En matière de notoriété citadine américaine, il y a New York, Chicago, ou Los Angeles et puis il y a… Dubuque.
Mais Dubuque, c’est quoi ? Une agglomération américaine d’à peine 60000 habitants. La quintessence de la moyenne… Elle compte un funiculaire, un arboretum, un monastère carmélite et… un musée national du jouet agricole. (renseignez-vous !)
Quant à l’Iowa, où se trouve Dubuque, c’est le Middlewest. De fermes peintes en rouge en ponts couverts isolés, de milliers d’hectares consacrés au productivisme céréalier en lieux de tournage abandonnés dédiés au base-ball, de pick-up en autocollants pro-Trump : une cartographie qui, quelle que soit l’échelle envisagée, suscite des représentations figées marquées par un conservatisme glaçant.
Le portrait que l’on se fait des locaux génère l’inquiétude. Quant à la musique que l’on s’imagine sortir de tels endroits, où il y a peu de chances de prévoir a priori ses vacances, elle renvoie inévitablement à la country.
Mais au milieu de tout cela, il y a… Bob Bucko Jr. Imposant gaillard à l’extravagance bonhomme, il est le paradoxe culturel de la Corn Belt.
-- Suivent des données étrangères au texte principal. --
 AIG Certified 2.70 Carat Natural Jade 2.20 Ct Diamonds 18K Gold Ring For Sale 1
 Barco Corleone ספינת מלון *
Travaillant pour le Dubuque Area Arts Collective, il se donne pour mission de promouvoir l’ouverture artistique auprès des jeunes de cet État conservateur. Multi-instrumentiste, il traverse les genres musicaux sans aucun complexe. Pratiquant le home-taping depuis le début des années 90, il joue du saxophone dans un groupe de free, de la basse dans un groupe de drone, rêve de musique gothique et s’inspire de Suicide. Décalé, il crée dans une économie de moyens et au gré de ses envies. Un peu comme si cela n’avait pas une importance capitale. Collectionnant les claviers du genre de ceux conçus pour les gamins dans les années 80 (avant que ceux-ci n’atteignent des enchères pharaoniques sur ebay), il s’est amusé à ressortir ses Yamaha et Casio afin de faire quelque chose de la bouteille de whisky qu’il s’envoyait quotidiennement.
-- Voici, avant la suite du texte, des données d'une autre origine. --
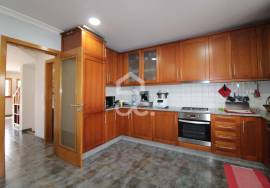 Semi-new 3-bedroom house just two minutes from the city center.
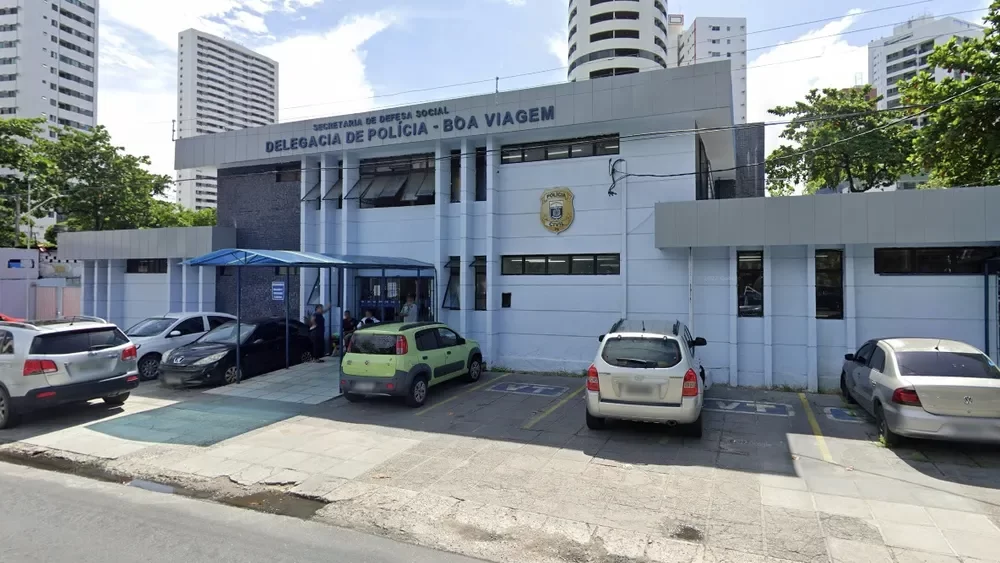 Homem preso por estuprar jovem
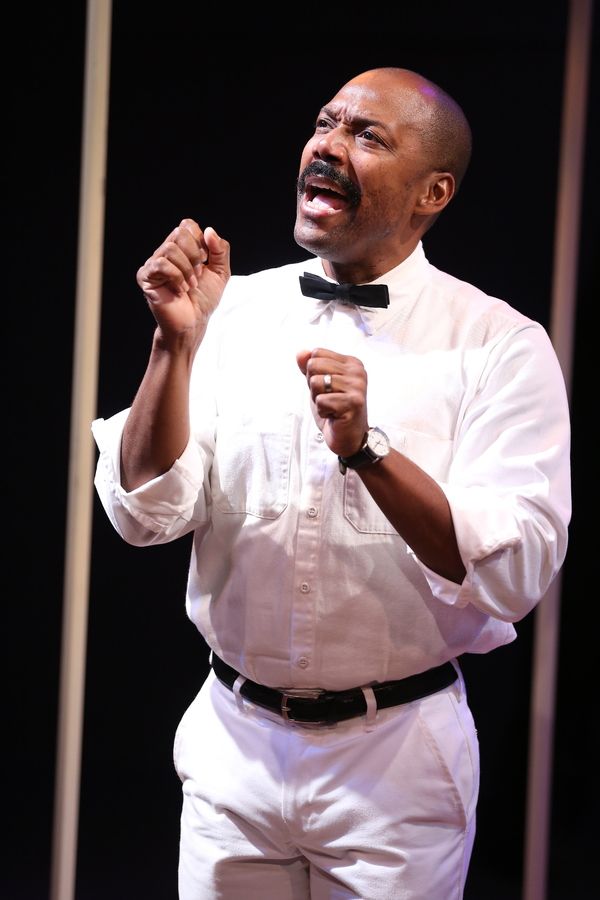 T. Oliver Reid Photo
Découvert totalement par hasard, au gré des errances sonores numériques, ce qui touche chez lui, c’est cette sincérité musicale associée à une solide capacité de composition. En attestent notamment les morceaux de la face B que des jeunesses actuelles de vingt ans aimeraient volontiers agréger à leur tentative, certes charmante mais souvent artificielle, de réactivation d’un passé qu’ils n’ont pas connu.
Decelebrate, c’est cet album qui gagne en épaisseur au fur et à mesure que l’on avance dans l’écoute. C’est cette multitude d’influences, de Hood à Pearl Jam en passant par Kim Ki O ou Martin Dupont. C’est cette échappée en forme de dédicace fin 80’s début 90’s. C’est une mélancolie touchante parce que déglinguée.
En d’autres termes j’ai adoré! 🙂
Après avoir envisagé un temps une retraite à Détroit – quintessence horrifique à mon goût, le pire de mes représentations de bas de « hiérarchies urbaines » en friche-, j’ai lu…très attentivement…puis écouté…non moins attentivement…et décidé de défaire mes propres écheveaux de pensée précuite. Merci pour cette improbable découverte et pour cette… « Délivrance »!